Crank up the Cold Chisel in your Commodore and crack open a cold-one - the word 'bogan' has officially been recognised.
Mullet wearers unite – the word "bogan" has officially been recognised by the Oxford English Dictionary.
The self-proclaimed definitive record of English language included the word this month as an Australian and New Zealand colloquial "depreciative term for unfashionable, uncouth, or unsophisticated person, especially of low social status".
But New Zealand native Dave Snell, known as Dr Bogan after acquiring a PHD in boganism, disagreed with Oxford Dictionary's definition.
"I wasn't terribly fond of that definition ... I find it a little problematic," he said.
"I wouldn't say [being a bogan] means you're of lower status; I prefer to talk about working class people."
He said that, while you were unlikely to find a bogan wandering through a museum or admiring fine art, it was unfair to refer to the word as a "depreciative term".
"I don't really like the idea of calling being a bogan uncultured or unsophisticated," he said.
"It's just a different culture.
"I like to say it's like taking aspects of Australian culture and concentrating it."
So what is a bogan?
A study by University of Auckland linguistic students last year looked at defining the term "bogan" through a range of public surveys.
The results showed that people under the age of 30 were more likely to consider being a bogan as a good thing, in comparison to the over 30 age bracket who saw the term with negative connotations.
Dr Snell, who describes himself as the quintessential bogan, confessed that he often sported an ACDC T-shirt under his collared work shirt.
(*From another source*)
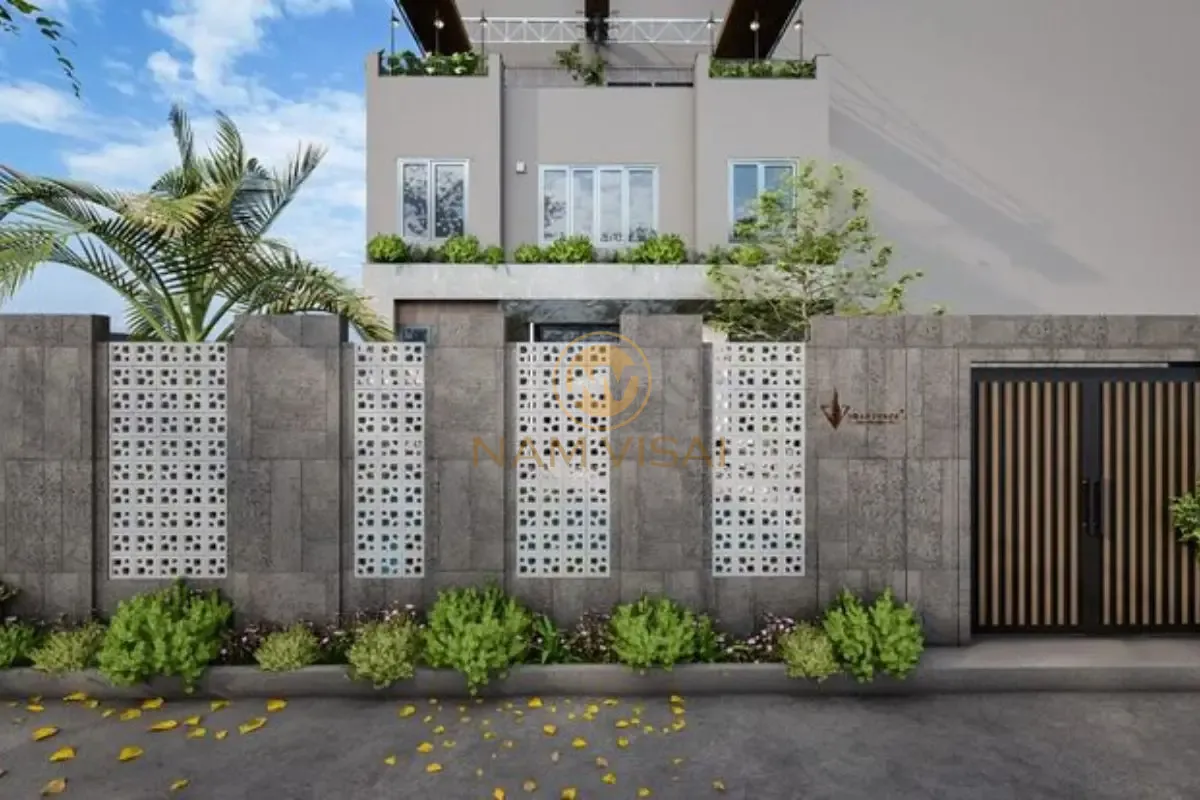 Hàng rào bê tông kết hợp gạch thông gió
He gave a more specific physical description of what a bogan was, offering a checklist of sorts.
He said bogans were known for wearing black jeans, steel cap boots, heavy metal T-shirts and apparently quite a lot of "flanno" (flannel).
"I've got a goatie but I can't remember how long ago I cut off my mullet," he said.
"It got too greasy and started to grow things in it."
Curtin University Professor of Cultural Studies Jon Stratton said he was not surprised to see bogans appear in the dictionary.
"My only surprise is that the word has taken so long to get in there," he said.
Other words to be added to the OED in June include "BitTorrent", "cybercast", "dance-off" and "paywall".